Osservare come fosse baseball.

 



Mi accorgo ora di non essere passata da queste parti per più di due mesi. Come state? Tutto bene? 

Potrei affermare di trovarmi a corto di cose da raccontare o di indulgere in una particolare pigrizia, e non direi il falso. Potrei persino avventurarmi in ambito psico/sociale e ammettere che sono un po’ ghoster, perché è vero ma di questo parleremo, casomai, in un altro momento (mi sto interessando all’argomento e avrei due o tre idee da sottoporre agli studiosi del fenomeno).

Ci sta tutto, compreso il fatto d’essermi dimenticata del blog, ma aggiungo un dettaglio che presumo corrisponda alla motivazione primaria: il virtuale non mi diverte più… social, messaggistica, chat, computer ormai tendo a usarli (usare, sì, questo è il verbo corretto) per lavoro… e di ciò li ringrazio; ma leggere per leggere, preferisco un romanzo; guardare per guardare, scelgo un film in tv o rivedere per n volte elevato all’infinito un episodio di Poirot o Barnaby; comunicare per comunicare, preferisco una lunga telefonata oppure incontrare di persona i miei interlocutori.

C’è anche che spesso scrivevo sull’onda d’impressioni e riflessioni suggerite dall’osservazione dell’altrui comportamento e, di riflesso del mio; o viceversa.

Da un po’ di tempo, mi sono accorta che guardo le persone, il mondo in generale, come una partita di baseball. E qui parte la narrazione aggrovigliata al ricordo.

Abito non molto distante dallo stadio comunale di baseball e da ragazzina ci passavo spesso (anche ora, a dire il vero, ma sono sempre in auto, concentrata su mete precise e sul non perdermi per raggiungerle).

Mi piaceva sentire quei suoni e, di sera, vedere quelle luci intense. In quegli anni avevo iniziato a frequentare lo stadio per seguire la squadra del cuore; ci andavo con qualche compagno di scuola ed ero veramente appassionata, ma pativo… mi sfogavo con urla e salti, ma mi saliva l’ansia e un filo di depressione (squadra problematica, agevolante il senso di precarietà e improbabilità che comunque sono insite nel mio essere). Mentre col baseball… da fuori mi pareva tutto più sereno, armonioso, rilassante.

Fu così che, ad un certo punto, iniziai ad andare a vedere qualche partita. Ci andavo sola, come nei viaggi in treno: se qualcosa mi piace molto, preferisco godermelo in solitudine. Sedevo sui gradini, con il cappellino della squadra di calcio (anche perché non tifavo per un team in particolare, chi vincesse non era un elemento importante), visiera abbassata a filo con gli occhi (non di lato da badola), un sacchetto di patatine (preferibilmente i Dixi, che fanno meno rumore, durano di più e titillano con maggiore baldanza le papille gustative), e iniziavo ad allontanare ogni tensione. Non per nulla insisto a collegare il baseball con la beatitudine.

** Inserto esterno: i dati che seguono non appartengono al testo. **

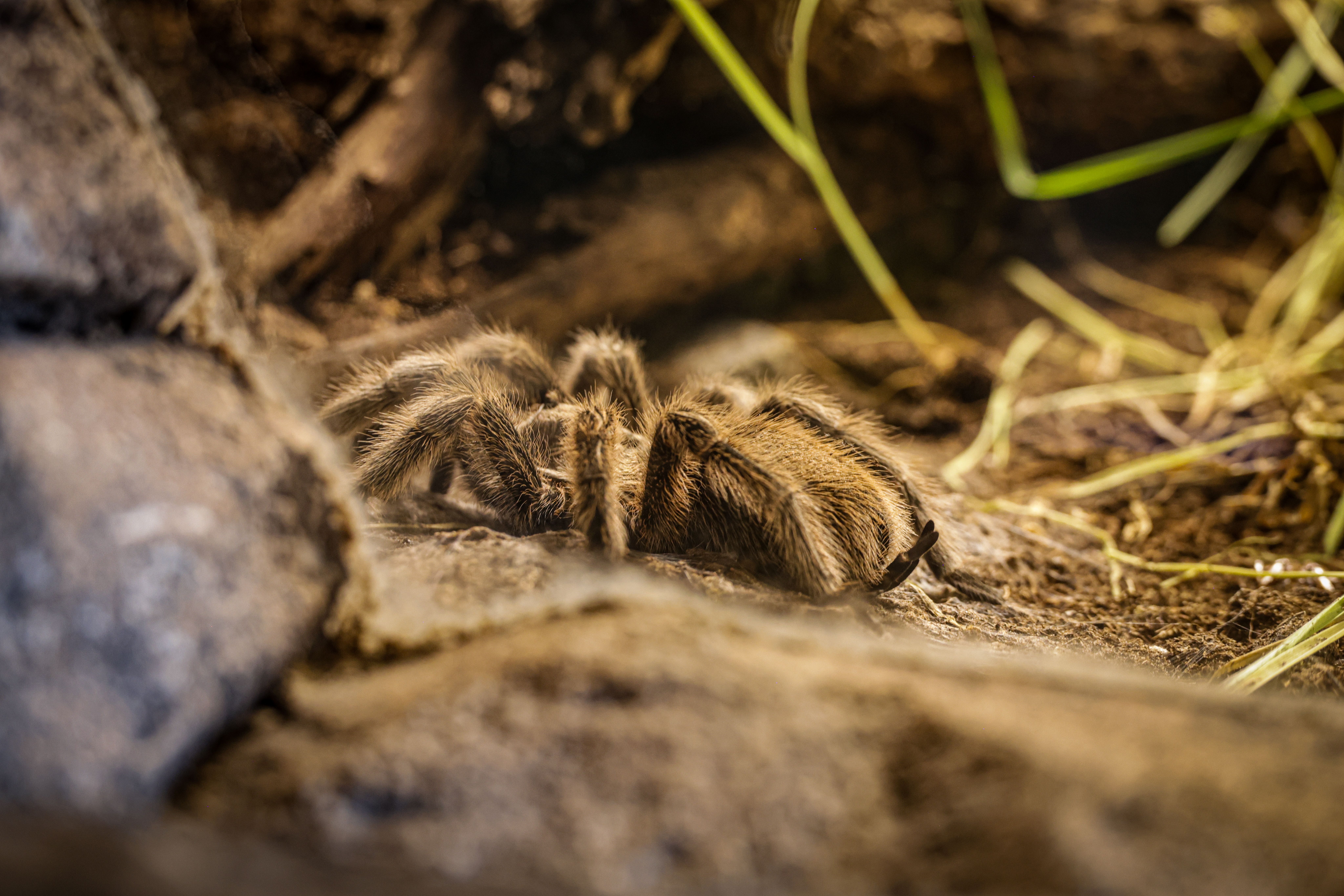 Close-Up of a Tarantula in Natural Habitat · Free Stock Photo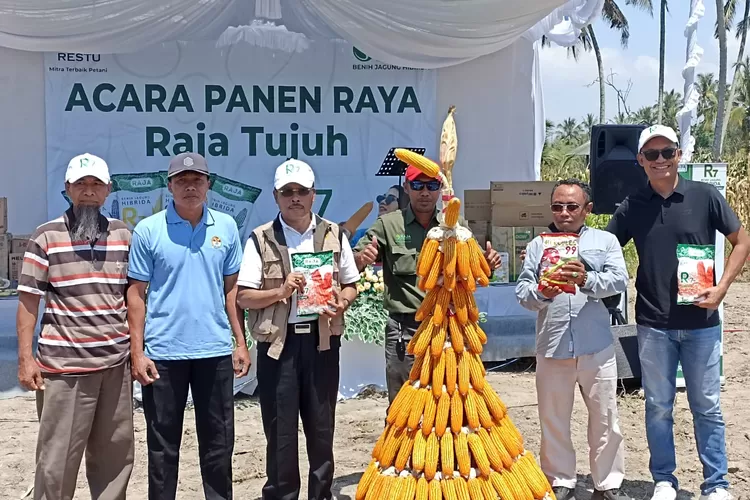 Acara panen raya petani jagung hasil penanaman bibit jagung R7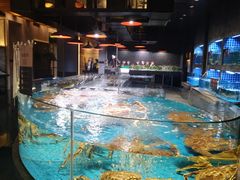 -徐记海鲜(梅溪新天地店)
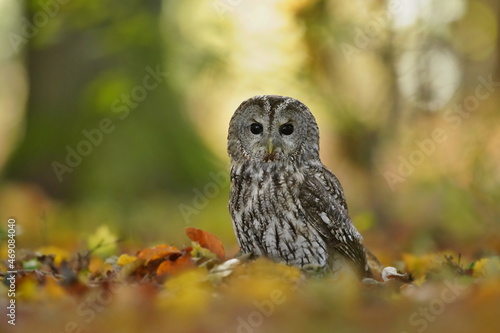Fotografie tawny owl sitting on the ground in autumn forest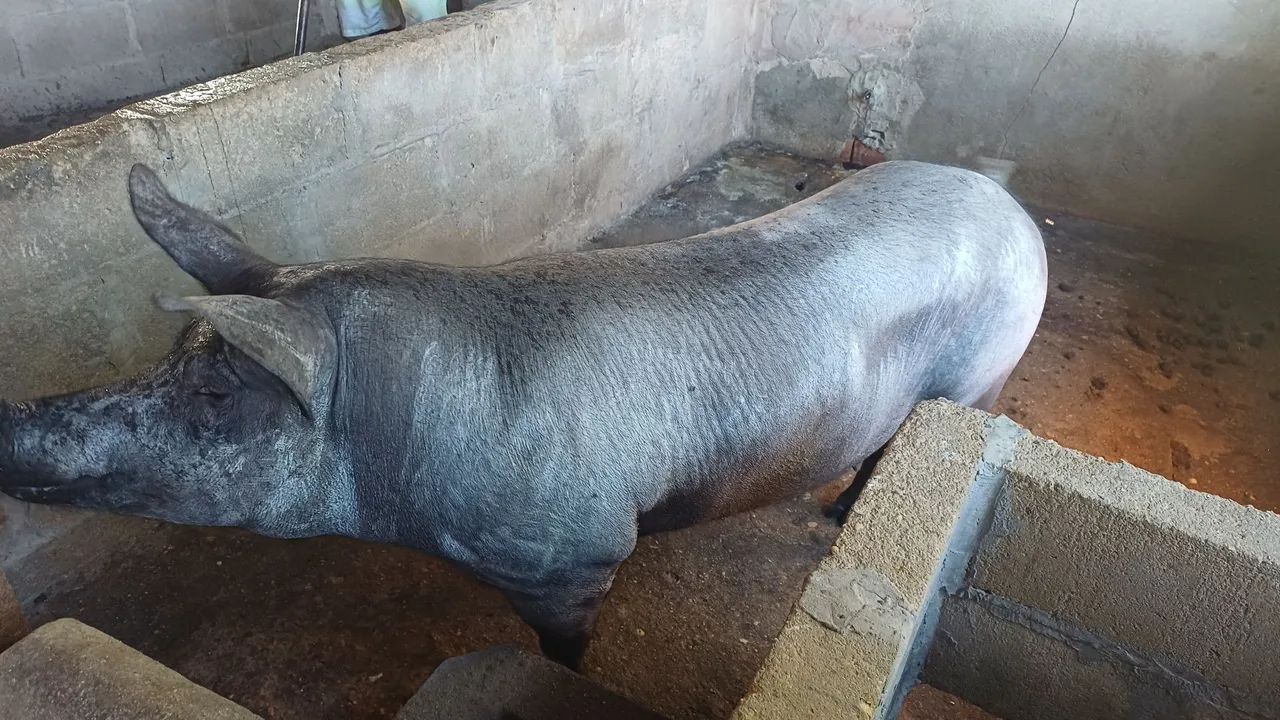 Porca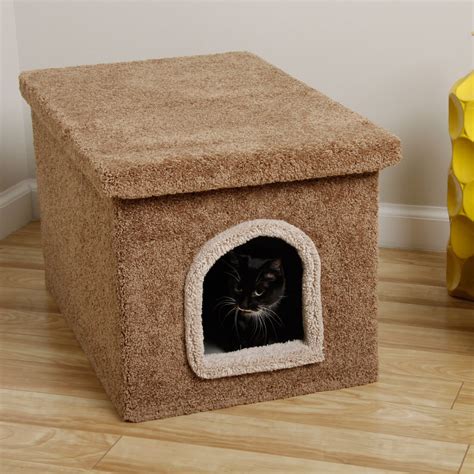 An Easy Diy Cat Litter Box Ideas Homesfeed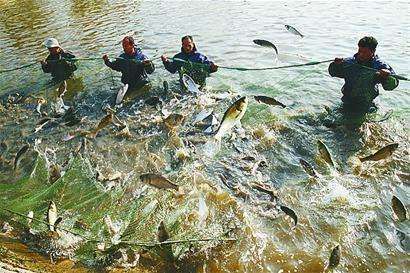 塑料桶養(yǎng)魚注意事項,水缸養(yǎng)魚注意事項,地下水養(yǎng)魚的注意事項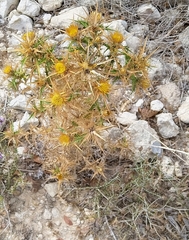 Carlina graeca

Perché vi sto raccontando questo ricordo?

Mah, sono in un periodo di forte riflessione introspettiva, mi studio con una solerzia quasi maniacale e mi giudico (non con eccesiva severità, ma lo faccio; cerco anche di cambiare qualcosina e, come ben sapete, è un esercizio piuttosto faticoso che tuttavia va fatto quando le storture diventano eccessivamente ingombranti).

Di contro, forse per una sopravvenuta difficoltà a concentrarmi su due cose contemporaneamente, ho iniziato ad osservare gli altri, i loro comportamenti, ad ascoltarne i pensieri e le idee, esattamente come guardavo le partite di baseball.

Attenzione, non guardo al mondo come a un immenso diamante; per carità, il mondo è un casino, suona cacofonico, manca dell’eleganza e della sobrietà di uno sport che riterrò sempre magnetico.

E allora osservo come se fosse baseball… ah, dimenticavo di dire che non ne ho mai capito le regole né mi sono impegnata a farlo. Uguale, e mi sento molto meglio; meno ansia, meno stress, ogni inning è un soffio.